[Data extract Boundary: Start]

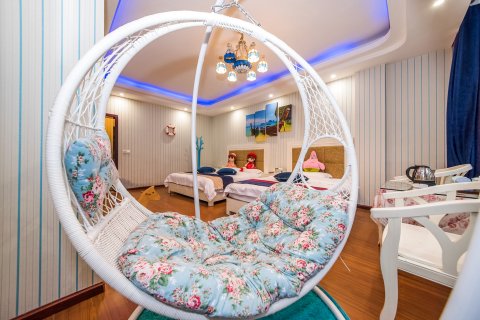 山神酒店(灵秀温泉店)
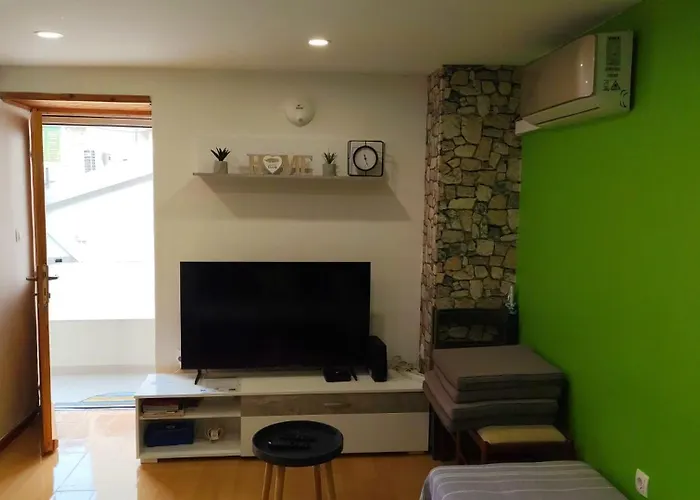 Center Perfect Spot * Split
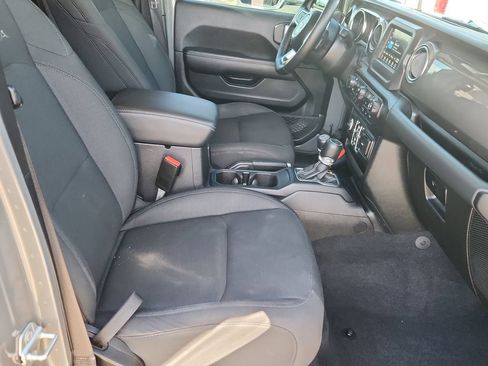 Used 2021 Jeep Wrangler Unlimited Sahara w/ Safety Group AWD/4WD image 11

[Data extract Boundary: End]

• [Problem requirements]:
Output only the lines from the line that contains "Center Perfect Spot * Split" through the end of the material, both ends included, and skip every picture.

• [Response to the exercise]:
 Center Perfect Spot * Split
 Used 2021 Jeep Wrangler Unlimited Sahara w/ Safety Group AWD/4WD image 11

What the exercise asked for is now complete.